═══ Input records

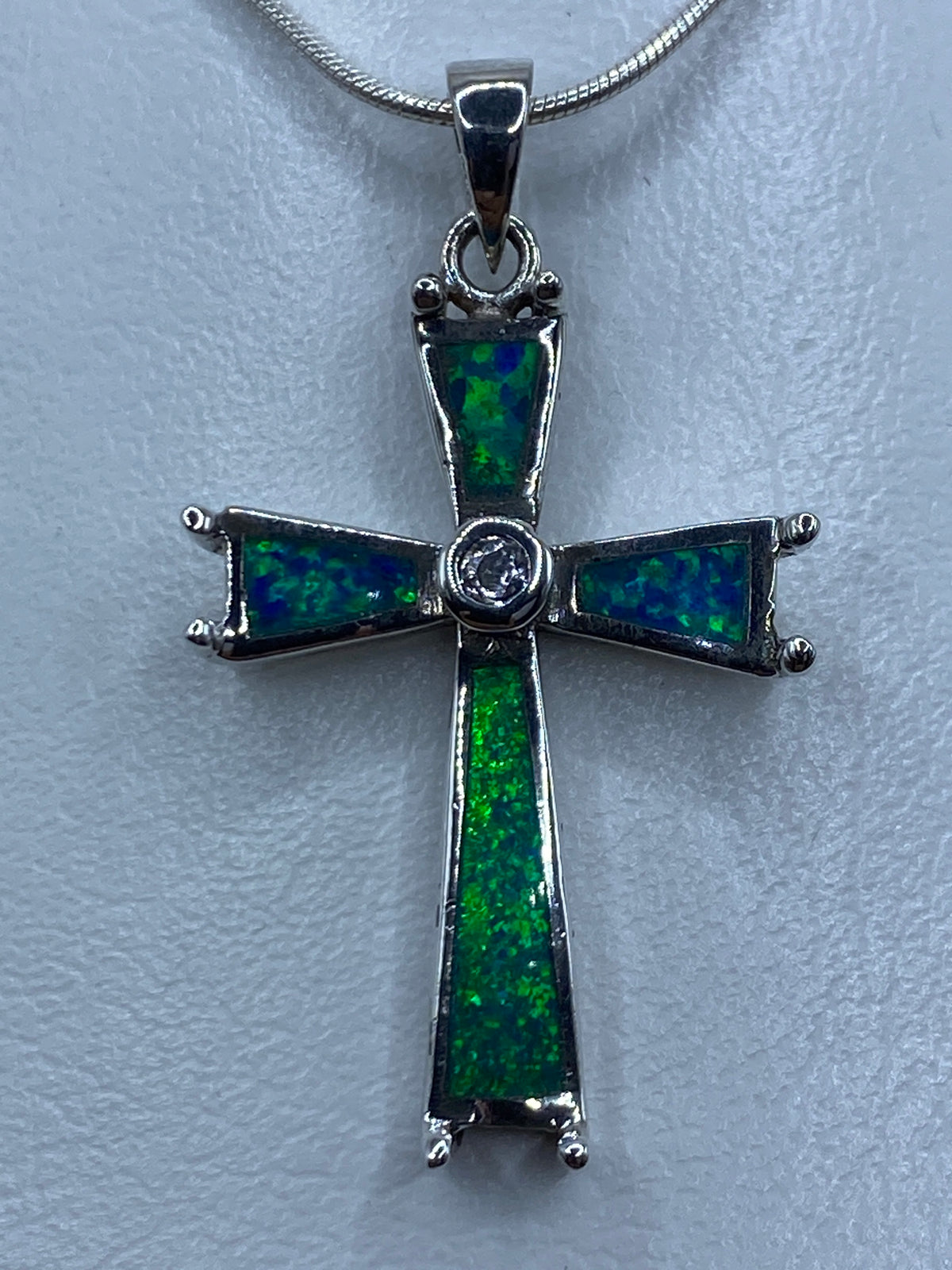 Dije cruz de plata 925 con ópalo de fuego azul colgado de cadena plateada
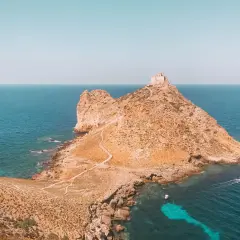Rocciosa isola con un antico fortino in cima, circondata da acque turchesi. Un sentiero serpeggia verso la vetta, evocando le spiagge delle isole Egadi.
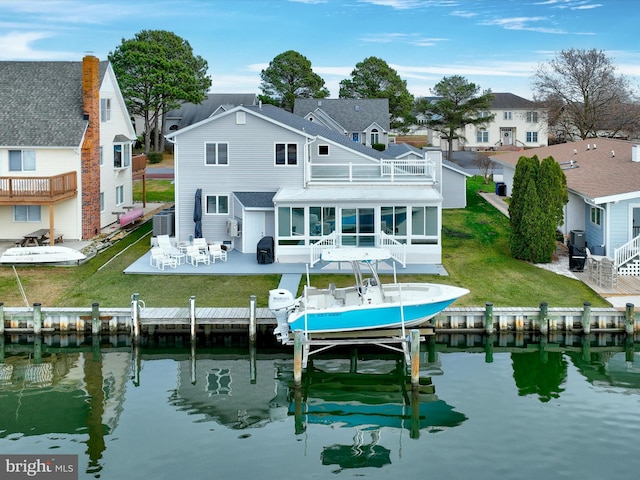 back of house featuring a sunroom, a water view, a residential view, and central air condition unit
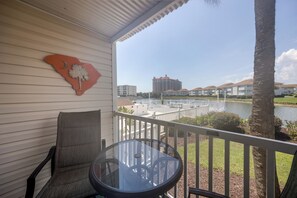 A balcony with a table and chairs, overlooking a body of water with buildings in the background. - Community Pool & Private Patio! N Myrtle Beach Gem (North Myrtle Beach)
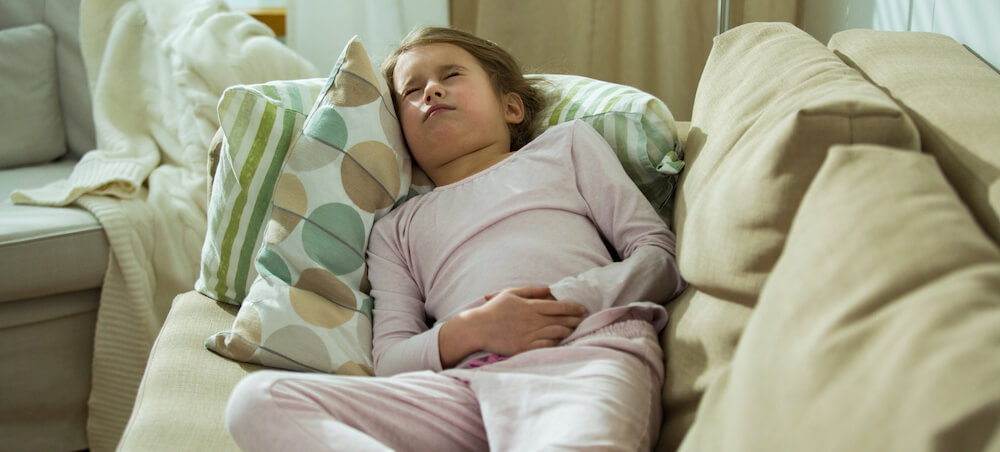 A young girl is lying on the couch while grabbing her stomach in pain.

══════

**Task statement**
Please reproduce exactly and only the lines from the first line of the records through the line containing "Rocciosa isola con", both included, omitting any pictures.

**Solution to this problem**
 Dije cruz de plata 925 con ópalo de fuego azul colgado de cadena plateada
Rocciosa isola con un antico fortino in cima, circondata da acque turchesi. Un sentiero serpeggia verso la vetta, evocando le spiagge delle isole Egadi.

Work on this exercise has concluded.